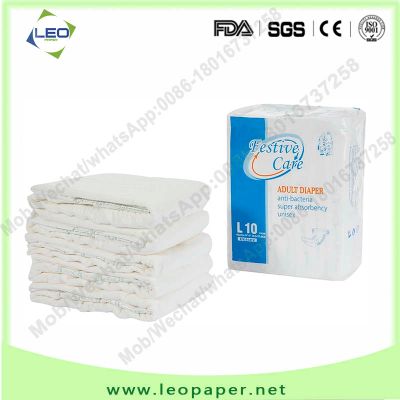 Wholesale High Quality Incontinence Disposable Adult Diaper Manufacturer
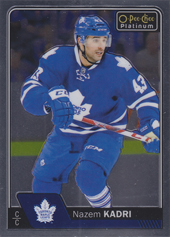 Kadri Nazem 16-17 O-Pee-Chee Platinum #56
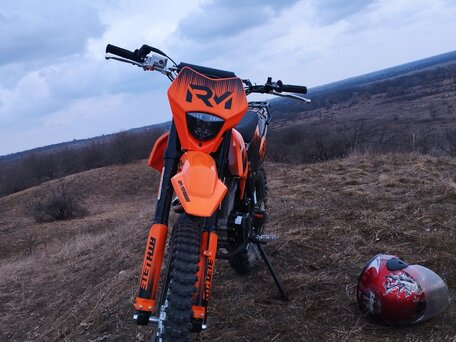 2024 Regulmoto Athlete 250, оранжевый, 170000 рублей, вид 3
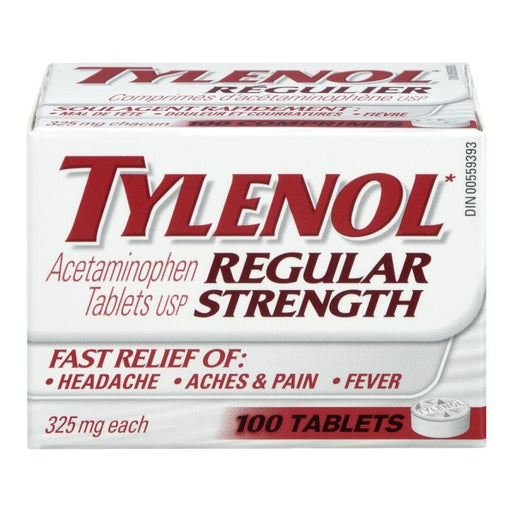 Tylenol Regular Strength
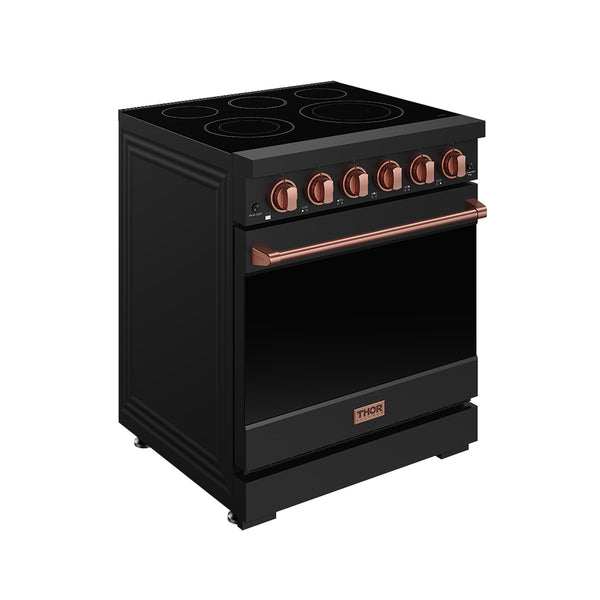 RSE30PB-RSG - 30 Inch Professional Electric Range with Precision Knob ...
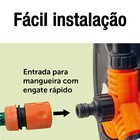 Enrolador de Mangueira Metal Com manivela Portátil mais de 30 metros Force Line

__Prompt__
Using the records above, output an exact copy without any pictures.

__Output below__
 Wholesale High Quality Incontinence Disposable Adult Diaper Manufacturer
 Kadri Nazem 16-17 O-Pee-Chee Platinum #56
 2024 Regulmoto Athlete 250, оранжевый, 170000 рублей, вид 3
 Tylenol Regular Strength
 RSE30PB-RSG - 30 Inch Professional Electric Range with Precision Knob ...
 Enrolador de Mangueira Metal Com manivela Portátil mais de 30 metros Force Line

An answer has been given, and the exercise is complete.